Those who are allowed to act and react are determined via our milieu's own oppression olympics. An all to familiar contest in which varying social groupings compete for recognition and power over each other. This is the result of disempowering and the false scarcity presented to us as fact by capital. Worse than living in a social reality that pits every subjectivity for themselves, we are instead supposed to root for our team be it queer, black, trans, worker, or puerto rican reaffirming our own powerless social positions instead of emancipating our bodies and potentialities from them.

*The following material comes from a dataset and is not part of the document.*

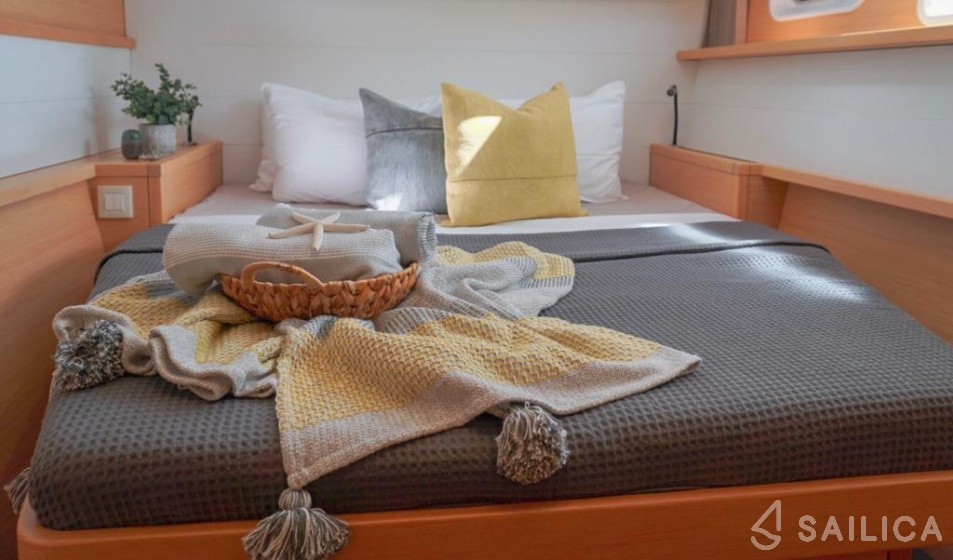 Lagoon 450 S - 4 + 2 cab. - Yacht Charter Sailica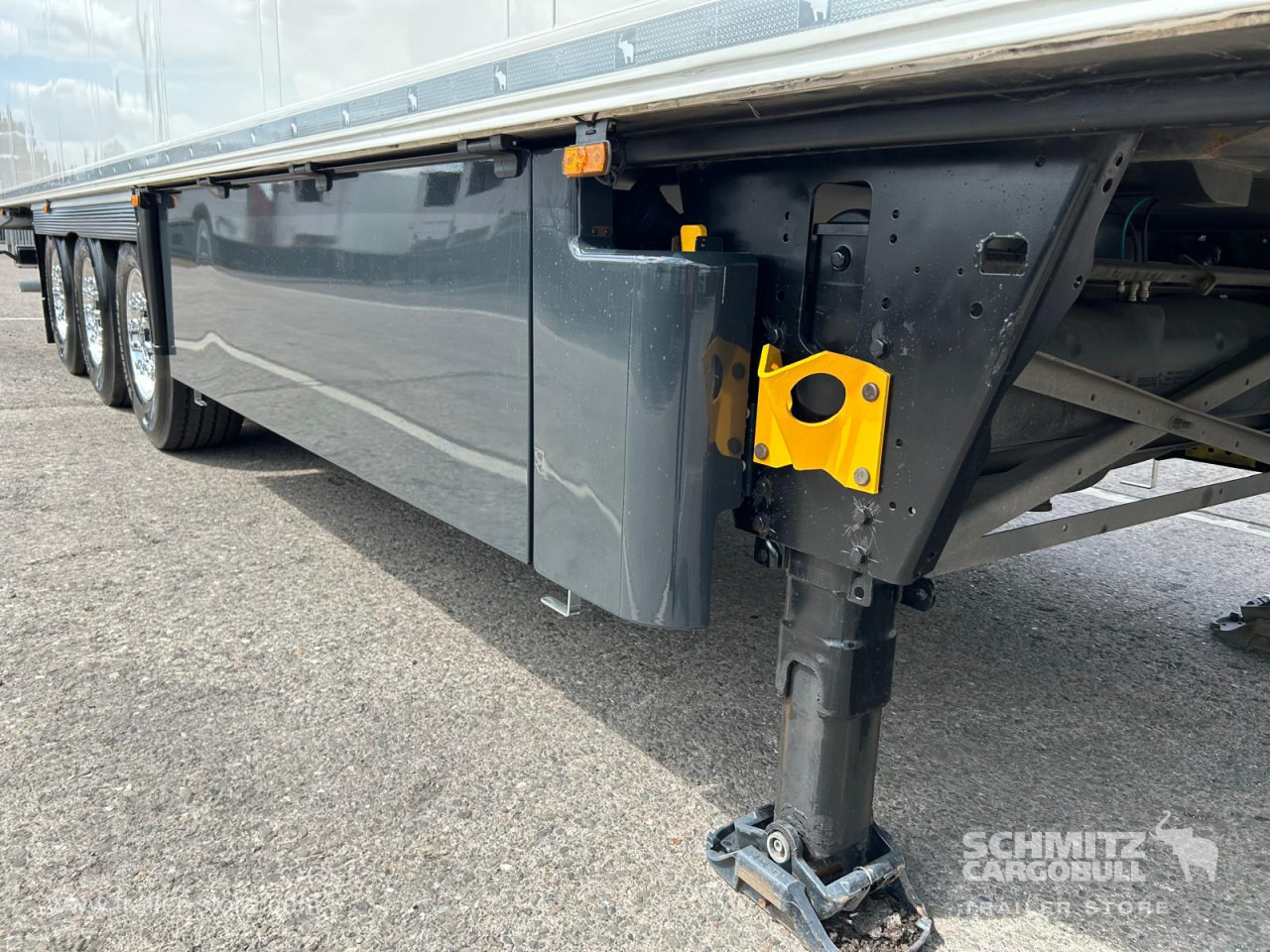 SCHMITZ Reefer Multitemp - Semi-remorque isothermique: photos 3 SCHMITZ Reefer Multitemp - Semi-remorque isothermique: photos 3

In accepting the ideology of victimization in any form, we choose to live in fear. The people throwing around terms like "man-archist" in an attempt to delegitimize a group that has already openly admitted to being made up of and organized by majority women and queer militants were most likely feminist, people who saw their act as a radical defiance of patriarchal oppression. But such proclamations, in fact, merely add to a climate of fear that already exists. Instead of giving women and queer people, as individuals a feeling of strength, acknowledging their agency and emancipatory potentialities, the fact that women and queer identified people too can respond to violence with violence, it reinforces the idea that women and queer people are essentially victims, and those who read it, even if they consciously reject the dogma behind it, probably walk the streets more fearfully. The ideology of victimization that permeates so much feminist discourse can be found in some form in gay liberation, racial/national liberation, class war and damn near every other 'radical' ideology. Fear of an actual, immediate, readily identified threat to an individual can motivate intelligent action to eradicate the threat, but the fear created by the ideology of victimization is a fear of forces both too large and too abstract for the individual to deal with. It ends up becoming a climate of fear, suspicion and paranoia which makes the mediations which are the network of social control seem necessary and even good.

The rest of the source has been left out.